L’été ramène dans son sillage la bien-aimée rubrique Point de langue, avec pour guide la professeure Mireille Elchacar. La lexicologue québécoise vous invite à penser le français autrement dans une formule à mi-chemin entre l’essai et la vulgarisation scientifique.

Si le rôle historique de l’Académie française est connu, de même que ses prises de position les plus tranchantes, ses fonctions actuelles sont moins bien comprises.
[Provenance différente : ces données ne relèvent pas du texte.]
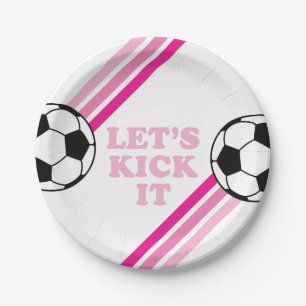Plato De Papel Cumpleaños de Fútbol con Rayas Rosadas Let's Kick 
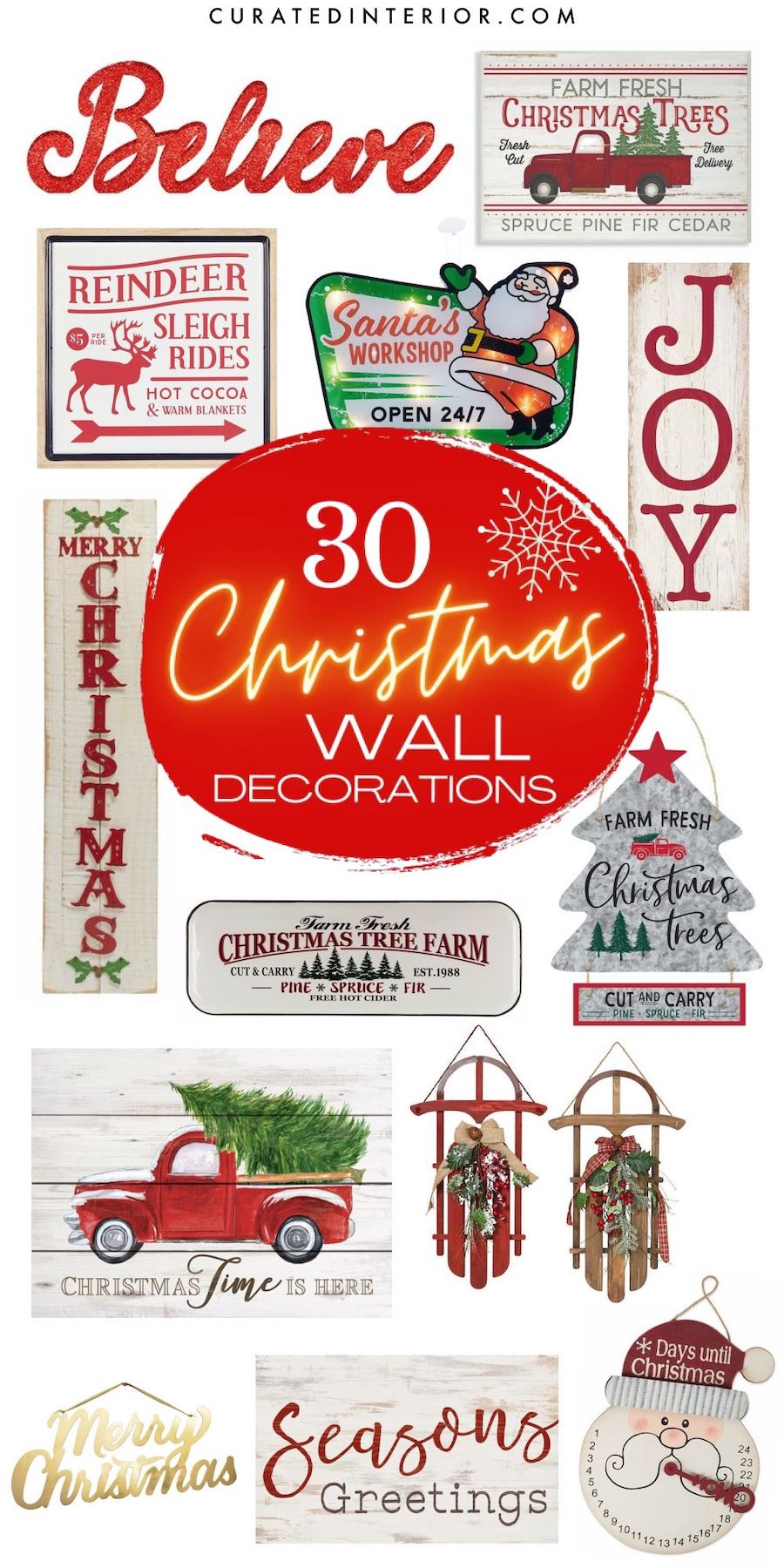 30 Christmas Wall Decorations and Wall Art Ideas for the Holidays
On a tendance à lui attribuer plus de pouvoir qu’elle n’en a réellement aujourd’hui.

Créée en 1635 sous la férule du cardinal de Richelieu, l’Académie française a pour fonction de « travailler avec tout le soin et toute la diligence possible à donner des règles certaines à notre langue et à la rendre pure, éloquente et capable de traiter les arts et les sciences ».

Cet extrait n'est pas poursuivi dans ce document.